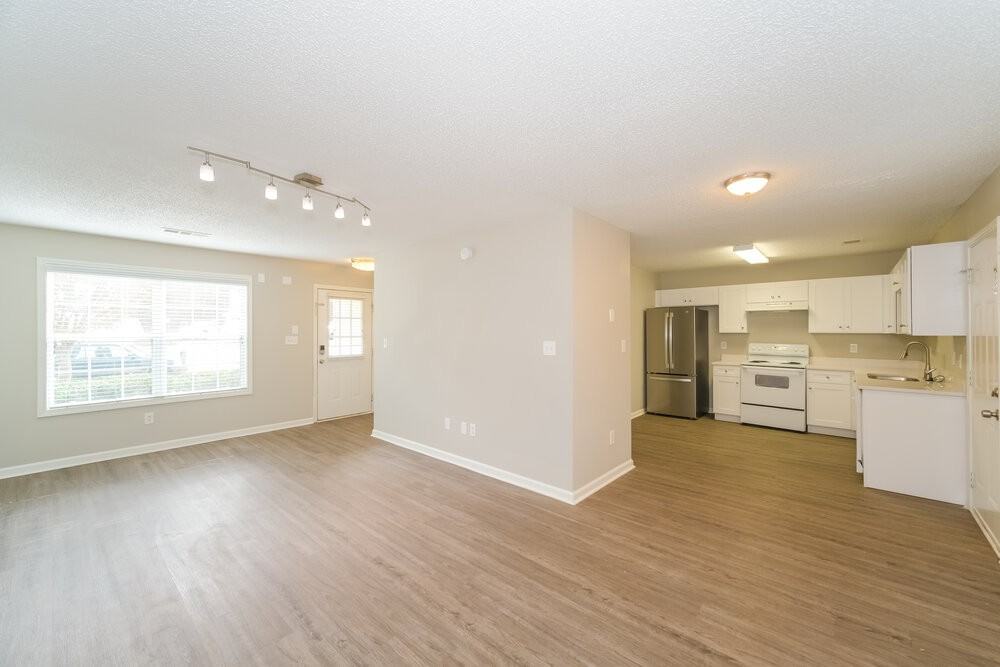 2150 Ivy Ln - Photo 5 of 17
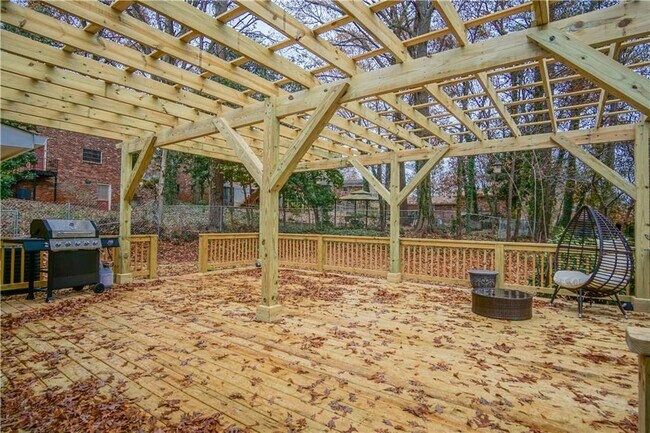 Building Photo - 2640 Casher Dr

——

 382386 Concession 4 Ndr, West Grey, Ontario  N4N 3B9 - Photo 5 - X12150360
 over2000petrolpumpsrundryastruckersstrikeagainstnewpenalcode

——

Pictures excluded, reproduce only the part above that opens with the line holding "2150 Ivy Ln - Photo 5 of 17" and closes with the line holding "Building Photo - 2640 Casher Dr", exactly as written.

▶ _ANSWER FOR THE TASK_:
 2150 Ivy Ln - Photo 5 of 17
 Building Photo - 2640 Casher Dr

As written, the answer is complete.